In December we highlighted 10 themes we expected to be on top of mind for Europe’s retail banks, in addition to a laser-like focus on commercial management and costs.
Now that we’ve reached the half-year mark, it’s time to evaluate how our predictions are faring and what the latest outlook is.
1. The next year will determine how the industry is perceived for the next decade
We said this in the context of an expected economic downturn which — so far — has been more muted than anticipated. Banks continue to invest in increased support for customers in financial difficulty even though the near-term focus has been on the liability side of the balance sheet. In the coming months we’ll begin to see the effect of higher interest rates on borrowers, and we expect leading institutions will be able to demonstrate their ‘social contract’ between the bank and society is stronger than ever.
We think the best performing retail banks will lead on deposits — it’s that simple
2. Steer the balance sheet — deposits, deposits, deposits
Rising rates, coupled with events in the United States, highlighted the criticality of effective liability and liquidity management. Those banks with strong relationship franchises benefit from a flight to scale and increased margins. Those more reliant on non-relationship funding comparatively struggle. With the ripple effects of Silicon Valley Bank still being felt this polarization could increase, and we expect European players will continue to invest in this area. Expect developments in propositions, processes, analytics, liquidity management and pricing as banks optimize their liability strategies. The bottom line?
3. Adjacent growth — affluent customers
Adjacent growth strategies are a priority for many European banks, with the affluent customer segment a key battleground given their natural adjacency to retail franchises, high returns and centrality to deposits. Will the full-service players be able to make progress ahead of specialists remains to be seen but whether through new propositions, partnerships, or merger and acquisitions (M&A), clients should be the beneficiary as more of Europe’s banks expand further into affluent and the associated Wealth sector.
4. Unlocking value from data — payments
What’s clear this year is that more banks are investing in payments and data-monetization capabilities. Generalists are looking to catch up with the specialists by leveraging proprietary bank payments data to go beyond transaction processing and provide more personalized offerings to customers. With leading banks exploring new business models and leveraging AI and machine learning tools to gain deeper insights from their data, we expect this trend will continue in the second half.

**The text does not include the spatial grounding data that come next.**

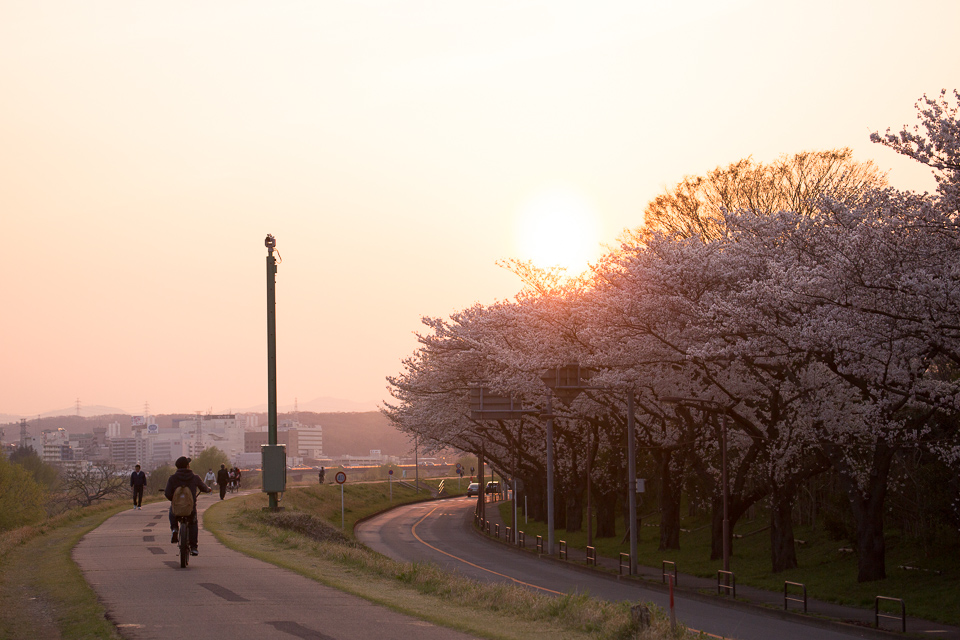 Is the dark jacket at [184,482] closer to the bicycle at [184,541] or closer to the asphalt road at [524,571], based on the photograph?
the bicycle at [184,541]

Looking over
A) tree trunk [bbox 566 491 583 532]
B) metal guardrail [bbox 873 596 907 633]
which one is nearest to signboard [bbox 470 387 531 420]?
tree trunk [bbox 566 491 583 532]

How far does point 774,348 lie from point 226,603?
1788 cm

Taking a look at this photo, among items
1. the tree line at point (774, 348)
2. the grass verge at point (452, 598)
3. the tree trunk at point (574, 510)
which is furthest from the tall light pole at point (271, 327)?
the tree trunk at point (574, 510)

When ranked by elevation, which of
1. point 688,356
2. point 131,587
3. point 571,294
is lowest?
point 131,587

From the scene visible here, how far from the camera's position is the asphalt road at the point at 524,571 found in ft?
70.9

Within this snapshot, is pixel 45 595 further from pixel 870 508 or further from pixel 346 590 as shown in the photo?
pixel 870 508

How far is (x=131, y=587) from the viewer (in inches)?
553

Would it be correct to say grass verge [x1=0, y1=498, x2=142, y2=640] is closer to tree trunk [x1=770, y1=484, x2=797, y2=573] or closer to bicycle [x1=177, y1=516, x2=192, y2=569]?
bicycle [x1=177, y1=516, x2=192, y2=569]

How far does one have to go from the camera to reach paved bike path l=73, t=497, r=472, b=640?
423 inches

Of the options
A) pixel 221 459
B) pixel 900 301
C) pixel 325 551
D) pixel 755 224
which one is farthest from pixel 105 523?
pixel 221 459

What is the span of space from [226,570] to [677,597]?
635 inches

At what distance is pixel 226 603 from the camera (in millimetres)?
12641

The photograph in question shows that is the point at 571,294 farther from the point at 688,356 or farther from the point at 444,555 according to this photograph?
the point at 444,555

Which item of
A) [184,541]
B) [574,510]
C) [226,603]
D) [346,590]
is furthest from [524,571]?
[226,603] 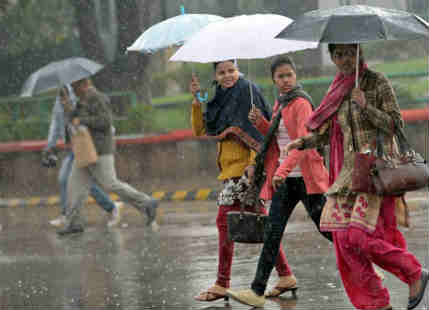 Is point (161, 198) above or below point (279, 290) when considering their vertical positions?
below

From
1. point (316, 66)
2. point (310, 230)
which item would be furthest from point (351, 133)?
point (316, 66)

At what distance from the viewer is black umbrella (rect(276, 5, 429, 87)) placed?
5195 mm

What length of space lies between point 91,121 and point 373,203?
6076mm

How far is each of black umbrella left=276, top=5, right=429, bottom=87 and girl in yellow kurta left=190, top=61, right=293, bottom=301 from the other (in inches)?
51.5

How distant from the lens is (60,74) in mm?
11156

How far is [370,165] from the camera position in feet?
17.9

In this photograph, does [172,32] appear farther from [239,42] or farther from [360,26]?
[360,26]

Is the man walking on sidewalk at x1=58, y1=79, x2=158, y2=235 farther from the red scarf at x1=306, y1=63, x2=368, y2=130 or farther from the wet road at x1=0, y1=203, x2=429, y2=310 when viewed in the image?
the red scarf at x1=306, y1=63, x2=368, y2=130

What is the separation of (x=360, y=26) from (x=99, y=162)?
630 cm

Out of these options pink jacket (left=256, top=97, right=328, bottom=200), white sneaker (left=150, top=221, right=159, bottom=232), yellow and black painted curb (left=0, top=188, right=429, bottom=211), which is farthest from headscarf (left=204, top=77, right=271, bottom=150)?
yellow and black painted curb (left=0, top=188, right=429, bottom=211)

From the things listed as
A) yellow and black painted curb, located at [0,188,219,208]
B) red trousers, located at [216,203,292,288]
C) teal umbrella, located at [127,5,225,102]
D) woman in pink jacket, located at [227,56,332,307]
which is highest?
teal umbrella, located at [127,5,225,102]

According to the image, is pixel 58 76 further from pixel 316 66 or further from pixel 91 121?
pixel 316 66

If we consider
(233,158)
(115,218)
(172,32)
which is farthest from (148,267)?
(115,218)

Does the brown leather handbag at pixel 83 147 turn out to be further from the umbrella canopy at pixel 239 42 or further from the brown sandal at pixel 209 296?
the umbrella canopy at pixel 239 42
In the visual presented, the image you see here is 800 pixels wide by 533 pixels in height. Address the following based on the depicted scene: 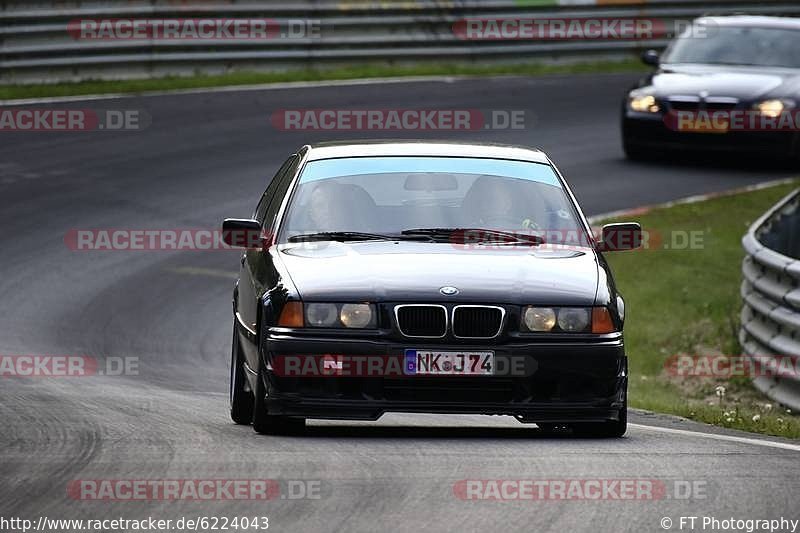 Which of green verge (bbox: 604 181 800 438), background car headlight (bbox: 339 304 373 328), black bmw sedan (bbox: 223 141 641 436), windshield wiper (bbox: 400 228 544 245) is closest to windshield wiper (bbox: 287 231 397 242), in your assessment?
black bmw sedan (bbox: 223 141 641 436)

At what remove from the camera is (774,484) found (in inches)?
284

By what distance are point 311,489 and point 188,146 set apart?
1524 centimetres

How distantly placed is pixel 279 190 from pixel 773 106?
1229 centimetres

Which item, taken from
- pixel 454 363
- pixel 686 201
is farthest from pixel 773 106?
pixel 454 363

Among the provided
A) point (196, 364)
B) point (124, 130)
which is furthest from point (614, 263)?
point (124, 130)

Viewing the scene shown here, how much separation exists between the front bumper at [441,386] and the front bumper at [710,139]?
44.6 feet

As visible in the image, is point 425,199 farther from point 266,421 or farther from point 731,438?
point 731,438

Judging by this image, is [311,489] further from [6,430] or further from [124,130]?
[124,130]

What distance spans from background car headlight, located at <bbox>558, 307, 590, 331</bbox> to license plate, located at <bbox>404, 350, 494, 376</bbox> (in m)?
0.37

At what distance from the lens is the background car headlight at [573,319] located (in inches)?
332

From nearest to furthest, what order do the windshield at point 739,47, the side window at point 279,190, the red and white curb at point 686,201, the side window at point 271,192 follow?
the side window at point 279,190 < the side window at point 271,192 < the red and white curb at point 686,201 < the windshield at point 739,47

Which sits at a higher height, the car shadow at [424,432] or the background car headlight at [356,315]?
the background car headlight at [356,315]

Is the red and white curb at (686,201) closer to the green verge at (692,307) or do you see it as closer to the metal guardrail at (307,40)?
the green verge at (692,307)

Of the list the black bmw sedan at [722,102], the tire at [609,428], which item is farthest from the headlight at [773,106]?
the tire at [609,428] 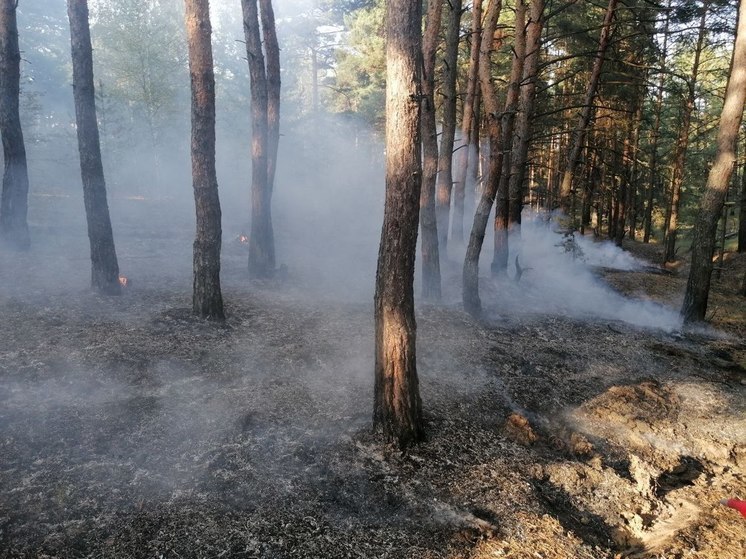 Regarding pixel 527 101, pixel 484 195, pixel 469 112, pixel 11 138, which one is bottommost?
pixel 484 195

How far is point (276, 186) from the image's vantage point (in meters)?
32.6

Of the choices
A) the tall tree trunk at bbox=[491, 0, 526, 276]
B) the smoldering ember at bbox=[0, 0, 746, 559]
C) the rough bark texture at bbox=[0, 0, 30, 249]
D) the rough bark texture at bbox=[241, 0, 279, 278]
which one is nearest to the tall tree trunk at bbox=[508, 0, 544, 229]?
the smoldering ember at bbox=[0, 0, 746, 559]

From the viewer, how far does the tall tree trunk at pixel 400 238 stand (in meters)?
A: 5.23

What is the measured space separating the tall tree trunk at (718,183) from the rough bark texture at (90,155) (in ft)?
43.7

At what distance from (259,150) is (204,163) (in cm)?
396

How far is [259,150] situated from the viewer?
12.8 meters

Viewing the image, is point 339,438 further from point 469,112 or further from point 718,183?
point 469,112

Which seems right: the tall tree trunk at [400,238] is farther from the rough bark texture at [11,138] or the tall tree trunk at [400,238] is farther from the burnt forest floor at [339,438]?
the rough bark texture at [11,138]

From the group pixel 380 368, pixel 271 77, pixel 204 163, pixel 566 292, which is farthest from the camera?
pixel 566 292

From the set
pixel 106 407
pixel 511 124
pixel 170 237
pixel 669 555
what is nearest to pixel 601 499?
pixel 669 555

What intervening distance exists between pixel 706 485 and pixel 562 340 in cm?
475

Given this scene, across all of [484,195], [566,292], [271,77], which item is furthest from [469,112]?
[484,195]

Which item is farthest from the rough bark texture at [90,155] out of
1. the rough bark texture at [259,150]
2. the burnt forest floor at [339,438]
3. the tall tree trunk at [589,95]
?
the tall tree trunk at [589,95]

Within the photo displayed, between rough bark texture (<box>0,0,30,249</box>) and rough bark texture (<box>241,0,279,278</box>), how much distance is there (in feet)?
18.7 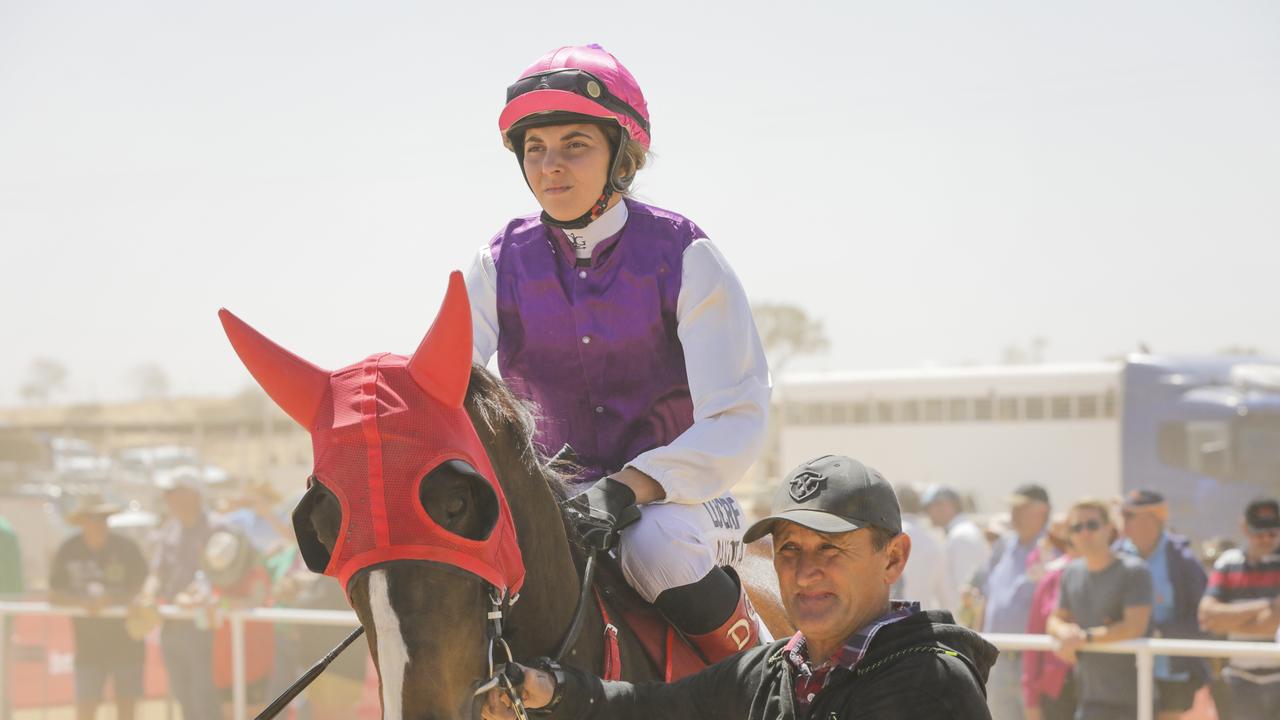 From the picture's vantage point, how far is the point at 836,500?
7.29ft

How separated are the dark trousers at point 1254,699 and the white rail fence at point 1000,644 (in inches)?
7.4

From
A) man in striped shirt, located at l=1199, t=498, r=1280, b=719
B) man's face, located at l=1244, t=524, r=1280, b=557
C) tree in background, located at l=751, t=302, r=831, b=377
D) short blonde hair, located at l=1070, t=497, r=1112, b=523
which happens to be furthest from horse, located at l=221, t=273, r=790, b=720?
tree in background, located at l=751, t=302, r=831, b=377

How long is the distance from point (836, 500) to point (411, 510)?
2.51 ft

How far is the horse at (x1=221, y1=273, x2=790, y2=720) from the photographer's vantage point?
209cm

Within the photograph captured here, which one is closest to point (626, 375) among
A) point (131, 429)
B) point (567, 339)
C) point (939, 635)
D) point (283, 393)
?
point (567, 339)

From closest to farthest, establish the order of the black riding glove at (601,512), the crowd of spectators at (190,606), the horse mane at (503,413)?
the horse mane at (503,413) → the black riding glove at (601,512) → the crowd of spectators at (190,606)

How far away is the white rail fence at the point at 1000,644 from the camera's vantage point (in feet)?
18.8

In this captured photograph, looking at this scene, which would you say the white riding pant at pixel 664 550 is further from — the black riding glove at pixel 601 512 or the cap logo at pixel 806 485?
the cap logo at pixel 806 485

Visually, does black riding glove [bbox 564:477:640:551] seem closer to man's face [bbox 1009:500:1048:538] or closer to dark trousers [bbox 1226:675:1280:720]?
dark trousers [bbox 1226:675:1280:720]

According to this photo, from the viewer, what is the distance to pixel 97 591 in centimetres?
909

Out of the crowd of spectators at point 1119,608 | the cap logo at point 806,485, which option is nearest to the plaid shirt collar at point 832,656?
the cap logo at point 806,485

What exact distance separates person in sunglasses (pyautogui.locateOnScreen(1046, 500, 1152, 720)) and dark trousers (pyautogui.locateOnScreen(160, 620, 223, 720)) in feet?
18.0

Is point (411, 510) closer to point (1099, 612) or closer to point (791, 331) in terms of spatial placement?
point (1099, 612)

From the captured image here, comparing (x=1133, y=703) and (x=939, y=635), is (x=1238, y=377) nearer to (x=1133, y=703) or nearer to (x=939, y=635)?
(x=1133, y=703) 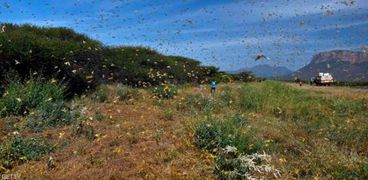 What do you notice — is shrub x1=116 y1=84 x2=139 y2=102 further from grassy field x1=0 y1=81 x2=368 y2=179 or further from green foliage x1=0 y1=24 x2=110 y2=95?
grassy field x1=0 y1=81 x2=368 y2=179

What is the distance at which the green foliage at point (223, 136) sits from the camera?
27.9ft

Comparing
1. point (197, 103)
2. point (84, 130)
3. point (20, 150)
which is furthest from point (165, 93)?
point (20, 150)

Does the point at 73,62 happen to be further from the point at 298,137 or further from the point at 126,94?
the point at 298,137

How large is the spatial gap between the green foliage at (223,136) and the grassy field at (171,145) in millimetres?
18

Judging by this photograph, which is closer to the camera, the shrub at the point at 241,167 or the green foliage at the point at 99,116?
the shrub at the point at 241,167

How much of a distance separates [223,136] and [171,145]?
0.96 m

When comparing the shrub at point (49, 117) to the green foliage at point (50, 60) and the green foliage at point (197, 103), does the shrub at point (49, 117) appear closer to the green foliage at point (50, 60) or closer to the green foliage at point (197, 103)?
the green foliage at point (50, 60)

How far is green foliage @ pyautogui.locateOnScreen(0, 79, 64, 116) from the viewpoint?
1169 cm

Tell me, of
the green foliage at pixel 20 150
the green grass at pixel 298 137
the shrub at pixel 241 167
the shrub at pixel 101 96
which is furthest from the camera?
the shrub at pixel 101 96

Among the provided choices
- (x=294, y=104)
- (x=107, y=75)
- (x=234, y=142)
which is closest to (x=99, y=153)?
(x=234, y=142)

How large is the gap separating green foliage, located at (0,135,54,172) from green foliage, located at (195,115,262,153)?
9.19ft

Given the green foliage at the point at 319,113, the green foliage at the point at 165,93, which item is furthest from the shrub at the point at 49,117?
the green foliage at the point at 319,113

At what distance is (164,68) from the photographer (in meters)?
26.3

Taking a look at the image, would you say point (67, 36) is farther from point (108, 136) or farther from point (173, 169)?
point (173, 169) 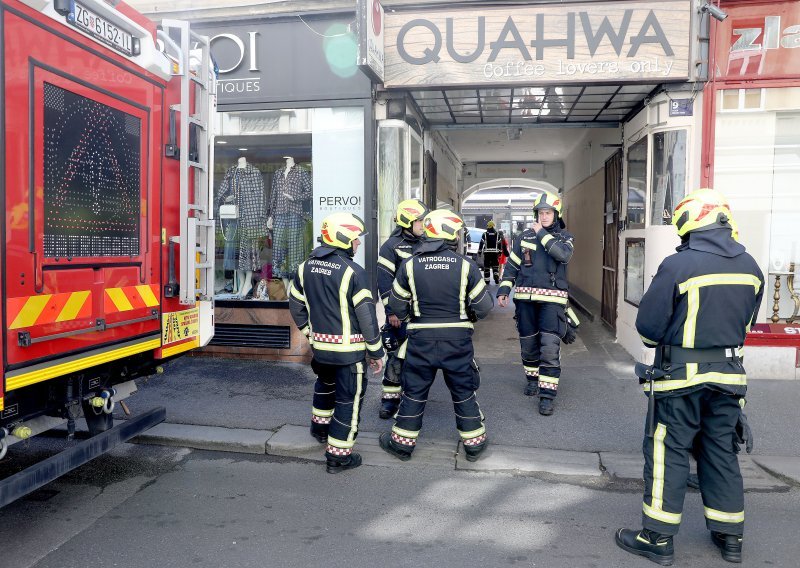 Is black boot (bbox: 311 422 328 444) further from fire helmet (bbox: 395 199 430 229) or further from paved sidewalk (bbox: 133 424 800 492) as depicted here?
fire helmet (bbox: 395 199 430 229)

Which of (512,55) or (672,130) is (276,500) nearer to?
(512,55)

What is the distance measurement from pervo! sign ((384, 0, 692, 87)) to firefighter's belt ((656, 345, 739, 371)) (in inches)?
168

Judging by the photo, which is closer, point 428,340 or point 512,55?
point 428,340

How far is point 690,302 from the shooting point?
3381 mm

5. Innovating for growth — embedded finance and ecosystem plays
While leading banks are looking to leverage their banking capabilities through links with other sectors, global tech players are challenging traditional value chains by expanding into “bread and butter” financial products. Will the latter be able to build the sophisticated ecosystems required to win consumer trust, previously thought to be held exclusively by banks? We expect this to be answered over the long term but also wouldn’t be surprised if more pieces of the story unfold later this year. Definitely a case of ‘watch this space’.
How quickly banks spot changes and act on them is a key point of differentiation
6. Distribution — digital, hybrid, and back to the future
A fascinating debate is starting to emerge as Europe’s banks look to adapt their distribution strategies to a higher-rate environment in which both inflation and margins are at their highest point in more than a decade. We expect greater innovation in the use of hybrid and person-to-person models, on top of ongoing digitization of low-value-add activities. These are multiyear endeavours, so don’t expect to see significant change by end of this year. One for the longer term.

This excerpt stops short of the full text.